The spotlight is on Africa at COP27, the UN climate change conference taking place in Egypt.
This year, climate-induced disasters have ravaged the continent. Cyclones and flooding in the south, and a four-year drought in the east have crippled food supplies, increased human suffering, and hurt economic growth.
Meanwhile, hundreds of millions of Africans still live in energy poverty. With pressure from developed nations to cut emissions at global climate talks, African leaders are hoping to secure billions of dollars to invest in the transition away from fossil fuels and build new energy infrastructure.
But securing financing to build renewable energy projects isn't enough. For the first time in its history, the COP agenda includes “loss and damage” funds. These are reparations that industrialized countries would pay to developing countries which have suffered the most from climate change.
What will it take to bring about meaningful energy transitions in Africa? And do the energy developments underway give us some insight on what’s possible?

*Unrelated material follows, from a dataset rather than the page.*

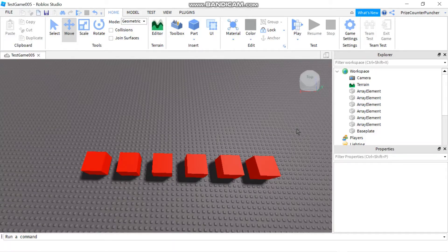In our last lesson we learned about array tables in Roblox. In this lesson we're going to learn about dictionary tables in Roblox.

This week host Bill Loveless talks with Dr. Destenie Nock. Destenie is an assistant professor at Carnegie Mellon University where she teaches civil and environmental engineering as well as engineering and public policy. She is also newly appointed to Columbia’s Visiting Faculty Program.
Destenie recently co-authored a report about energy poverty in Africa in the journal Nature titled “Africa needs context-relevant evidence to shape its clean energy future.”
Bill and Destenie spoke about her research, and the nuanced energy and climate needs of African nations. They discuss ‘loss and damage’ and the previously unfulfilled promises from wealthy countries to fund climate mitigation projects.